The sixth rule of survival stated itself with authority: value living. Vin did, and he quickly set his mind to recalling everything the Armed Forces Survival Guide had to say about shock.

He closed his eyes. It was getting harder to concentrate, but he forced himself to focus and remember. And then the DI's voice suddenly became clear in his mind. Early symptoms of shock included restlessness… Yeah, got that one, he thought.

Rapid pulse?

Check.

Pale skin? Tanner almost giggled. He had always thought of himself as a pale-skinned Indian, being a quarter Kiowa on his mother's side.

"That does it," he mumbled aloud, "if 'm ready t' laugh at that, I have t' be in shock." An' 'm definitely cold an' clammy an' short 'a breath, he acknowledged silently while he waited for a chill to subside.

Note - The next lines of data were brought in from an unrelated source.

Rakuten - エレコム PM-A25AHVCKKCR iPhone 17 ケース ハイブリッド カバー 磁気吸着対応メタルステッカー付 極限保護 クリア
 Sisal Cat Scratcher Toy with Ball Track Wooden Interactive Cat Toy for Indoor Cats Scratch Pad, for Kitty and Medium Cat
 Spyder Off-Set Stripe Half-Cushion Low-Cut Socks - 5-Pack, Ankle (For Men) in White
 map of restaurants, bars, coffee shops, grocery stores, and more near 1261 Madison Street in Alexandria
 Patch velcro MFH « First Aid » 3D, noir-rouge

He contemplated building a small fire in the shelter for warmth. He needed to make sure he didn't add to his problems with a case of hypothermia. The temperatures would drop into the upper 20s or low 30s, and the wind had begun to pick up, whiffling through the small space, first from one direction, then from another.

That was a bad sign, he knew. The weather was changing. And, given the clouds he had seen earlier, he guessed it meant some snow had snuck past the models the network weathermen used to forecast the next couple of days.

Having convinced himself it was necessary to build the fire, Vin reached for his backpack, but paused when he caught the sounds of two men moving through the trees.

"Damn," he breathed, listening to them draw closer. He could clearly hear two voices, but their words were lost to distance and the wind.

So much for a fire.

Vin reached to ease his Glock out of its holster, but found the weapon was gone, probably lost in his mad tumble down the shale slope. He settled on the knife.

A giggle made a second attempt at bubbling over Tanner's lips as his favorite rule of survival, number seven, flashed through his mind: act like a native. Remembering how his grandfather had told him about the Plains Indians willing themselves to blend into the tall grasses while they waited for the grazing herds of mustangs to wander close enough to lasso one, Vin willed himself to merge with the old pine and disappear.

He listened. The voices drew progressively louder until they passed by him, and finally faded into the gathering darkness. Only then did Vin allow himself to relax again. If he could just stay where he was, Chris and the others would find him in the morning. They would start at his last known location after first light and, if they could find where he had taken his fall, should have no trouble following the signs he'd left for them.

He shivered. It was getting progressively colder, but movement and a fire were too dangerous. He would just have to tough it out and hang on until daylight.

Reaching up, he quietly unzipped his jacket, opened his shirt collar, and loosened his belt. He didn't want to sweat if he could help it; the moisture would steal away his body heat.

Now, what else was he supposed to do to treat shock? His head was elevated, and he tucked his hands under his arm, hoping it wouldn't get so cold that he would need to worry about frostbite. The mild nausea was still with him, but he hadn't eaten since before he'd left Rollinsville so there was nothing left for him to get rid of.

Glancing at his backpack, Vin considered trying some water, but if it made him sick, he might give his location away. Pass, he concluded. Last thing I need is a case of the heaves givin' m' location away.

Needing to concentrate on something to keep himself awake, Vin settled on a list of Chris Larabee's most annoying habits.

He's a damned squid…

He's the only man I know who c'n read m' mind…

So why don't y' ever listen t' me?

Told y' this was a bad idea, didn't I? But no, y'all knew what was best…

Aw hell, probably was for the best…

Just hope y'all 're gonna come get me t'morrow…

This was gonna be m' first real Christmas since I was a little kid, y'know… Took me weeks t' figger out what t' get all 'a ya… Wish I was back at the ranch helpin' y' with the tree an' such… Shit, guess 'm not gonna get those pinecones for JD… Sorry, kid.

Hey, Chris, if y' c'n hear me… thanks for giving me back somethin' I guess I thought I wasn't s'posed t' have – family. Means more t' me 'n I'll ever be able t' say. But I guess y' already know that…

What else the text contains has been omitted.